James MacAvoy, as Wesley, our dweeby American-accented hero, makes a rather impressive and Fight Club-Narrator-esque transformation from passive desk-jockey to active killer, but really, who wouldn’t put up with extended hazing for the chance to scamper along moving trains with a scorching-hot Angelina Jolie? Jolie, for her part, does little except slink and pout, but her quicksilver cool is captivating. It’s not really “acting”, but I guarantee that a summer of boys (and girls -- I’m not discriminating here) will have found their eye-candy of choice for at least a few months. Between the icy-hot Jolie and the stylized gunfights, with slow-motion firing and arcing-trajectories of sculpted silver bullets, what’s not to love? Or, rather, what’s not to get your testosterone racing?

This hormonal excitement is clearly intentional, as on a meta level the whole movie plays like one long emotional Viagra infusion (again, hearkening back to Palahniuk/Fincher’s anti-domestication screed) for every emasculated office-worker in the audience. It was striking that in a movie filled with bullets, graphic acts of weaponized violence and torture, the only cheers from the audience (and I do mean actual cheers) came from a scene in which Wesley takes out his aggression on his corporate co-workers. Clearly, women are hot and guns are fun, but giving your manager what-for is where it’s at.

On this theme of non-cooperation, Wanted is interesting because it actively argues against the possibility for real human connections and emotions. Wesley goes from having a girlfriend, a so-called best-friend, co-workers, and the ability to relate to other people to being the ultimate lone wolf. The girlfriend was boinking the best friend, the best friend was a douche, the co-workers were stooges, and generally the lesson becomes that other people suck. Even the talented, hardened, capable people suck.

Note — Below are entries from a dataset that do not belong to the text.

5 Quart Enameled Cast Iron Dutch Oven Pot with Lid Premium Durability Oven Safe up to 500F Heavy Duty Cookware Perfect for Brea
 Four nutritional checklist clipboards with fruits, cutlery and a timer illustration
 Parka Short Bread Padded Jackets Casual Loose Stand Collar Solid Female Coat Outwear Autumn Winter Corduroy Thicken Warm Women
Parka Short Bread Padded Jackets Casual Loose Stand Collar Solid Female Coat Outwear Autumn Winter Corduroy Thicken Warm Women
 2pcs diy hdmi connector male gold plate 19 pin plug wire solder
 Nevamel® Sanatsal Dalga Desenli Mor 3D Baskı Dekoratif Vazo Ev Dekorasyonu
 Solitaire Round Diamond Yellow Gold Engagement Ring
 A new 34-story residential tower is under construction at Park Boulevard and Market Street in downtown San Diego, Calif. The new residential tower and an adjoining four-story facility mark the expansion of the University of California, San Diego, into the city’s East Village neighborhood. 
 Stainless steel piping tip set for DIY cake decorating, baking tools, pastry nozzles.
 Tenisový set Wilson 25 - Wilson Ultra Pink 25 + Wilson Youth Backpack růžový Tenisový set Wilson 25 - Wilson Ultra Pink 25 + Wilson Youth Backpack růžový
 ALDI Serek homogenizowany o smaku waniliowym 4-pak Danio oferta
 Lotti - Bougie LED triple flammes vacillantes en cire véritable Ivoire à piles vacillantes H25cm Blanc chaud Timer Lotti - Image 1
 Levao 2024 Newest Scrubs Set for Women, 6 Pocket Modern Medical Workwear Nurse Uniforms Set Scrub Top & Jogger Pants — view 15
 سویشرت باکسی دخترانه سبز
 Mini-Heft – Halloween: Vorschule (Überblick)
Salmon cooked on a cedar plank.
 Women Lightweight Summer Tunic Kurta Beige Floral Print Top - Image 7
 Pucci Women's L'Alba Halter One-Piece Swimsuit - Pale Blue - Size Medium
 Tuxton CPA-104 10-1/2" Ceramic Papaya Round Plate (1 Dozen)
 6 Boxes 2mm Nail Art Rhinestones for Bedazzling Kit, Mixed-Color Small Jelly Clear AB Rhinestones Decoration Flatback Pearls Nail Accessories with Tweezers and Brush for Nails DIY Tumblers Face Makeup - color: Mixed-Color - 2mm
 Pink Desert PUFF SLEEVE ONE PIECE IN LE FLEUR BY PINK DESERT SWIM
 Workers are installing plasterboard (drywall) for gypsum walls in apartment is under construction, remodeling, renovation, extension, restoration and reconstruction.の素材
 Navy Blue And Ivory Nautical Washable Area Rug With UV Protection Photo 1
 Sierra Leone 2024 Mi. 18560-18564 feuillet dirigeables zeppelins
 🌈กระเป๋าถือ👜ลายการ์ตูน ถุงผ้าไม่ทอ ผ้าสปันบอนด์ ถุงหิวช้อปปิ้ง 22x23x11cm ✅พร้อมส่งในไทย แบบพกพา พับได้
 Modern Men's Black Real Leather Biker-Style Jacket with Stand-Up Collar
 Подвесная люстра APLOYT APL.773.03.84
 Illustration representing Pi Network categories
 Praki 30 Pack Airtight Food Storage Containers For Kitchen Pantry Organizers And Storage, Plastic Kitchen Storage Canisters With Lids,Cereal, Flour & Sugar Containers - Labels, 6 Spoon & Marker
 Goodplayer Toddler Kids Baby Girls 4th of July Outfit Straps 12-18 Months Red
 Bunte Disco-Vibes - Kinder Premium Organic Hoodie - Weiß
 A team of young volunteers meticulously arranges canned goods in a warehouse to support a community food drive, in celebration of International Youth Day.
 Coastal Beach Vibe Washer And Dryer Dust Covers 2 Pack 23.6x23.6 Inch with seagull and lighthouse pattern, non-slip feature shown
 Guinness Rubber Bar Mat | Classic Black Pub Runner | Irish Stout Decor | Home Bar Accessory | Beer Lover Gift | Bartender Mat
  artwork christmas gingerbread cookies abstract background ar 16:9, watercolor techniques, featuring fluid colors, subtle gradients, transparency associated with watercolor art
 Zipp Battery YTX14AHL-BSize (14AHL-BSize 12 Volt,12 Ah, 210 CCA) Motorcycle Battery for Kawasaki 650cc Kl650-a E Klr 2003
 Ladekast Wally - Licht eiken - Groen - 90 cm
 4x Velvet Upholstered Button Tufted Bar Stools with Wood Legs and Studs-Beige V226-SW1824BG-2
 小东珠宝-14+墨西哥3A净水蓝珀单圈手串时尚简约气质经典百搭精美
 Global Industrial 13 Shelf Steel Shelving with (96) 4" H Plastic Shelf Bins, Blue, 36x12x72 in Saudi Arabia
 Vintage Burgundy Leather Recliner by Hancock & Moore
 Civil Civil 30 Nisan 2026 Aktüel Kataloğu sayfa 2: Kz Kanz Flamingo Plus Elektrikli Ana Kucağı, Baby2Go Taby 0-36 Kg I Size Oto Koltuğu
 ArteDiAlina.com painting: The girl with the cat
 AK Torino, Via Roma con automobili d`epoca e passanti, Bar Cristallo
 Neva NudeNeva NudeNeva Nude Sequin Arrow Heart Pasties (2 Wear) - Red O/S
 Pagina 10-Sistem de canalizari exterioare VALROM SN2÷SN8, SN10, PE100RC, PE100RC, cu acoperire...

As multiple characters say, in variation, throughout the movie, “don’t send sheep to do a wolf’s job”, but the ultimate moral is that everyone, even self-professed wolves, are sheep. And sheep always get eaten. The only truth is the one you keep to yourself. There’re not a lot of messages touting peace, love, or teamwork here. Take that for what you will. For good or for ill, it’s nice to see a movie that sticks to its guns regarding the alienation that a “lone wolf” must endure if he wishes to keep himself out of the flock.

Wanted is not going to win any awards, and if you think about it too long you’re going to end up annoyed with yourself for liking it, but for what it is -- an amped-up charge of adrenalin, fueled by hyperviolence and super-stylized action -- it’s great. It's not life-changing, but definitely the spectacle of the summer. And dear lord, does Angelina bring a new level to pure physical perfection -- that, in itself, is awe-inspiring.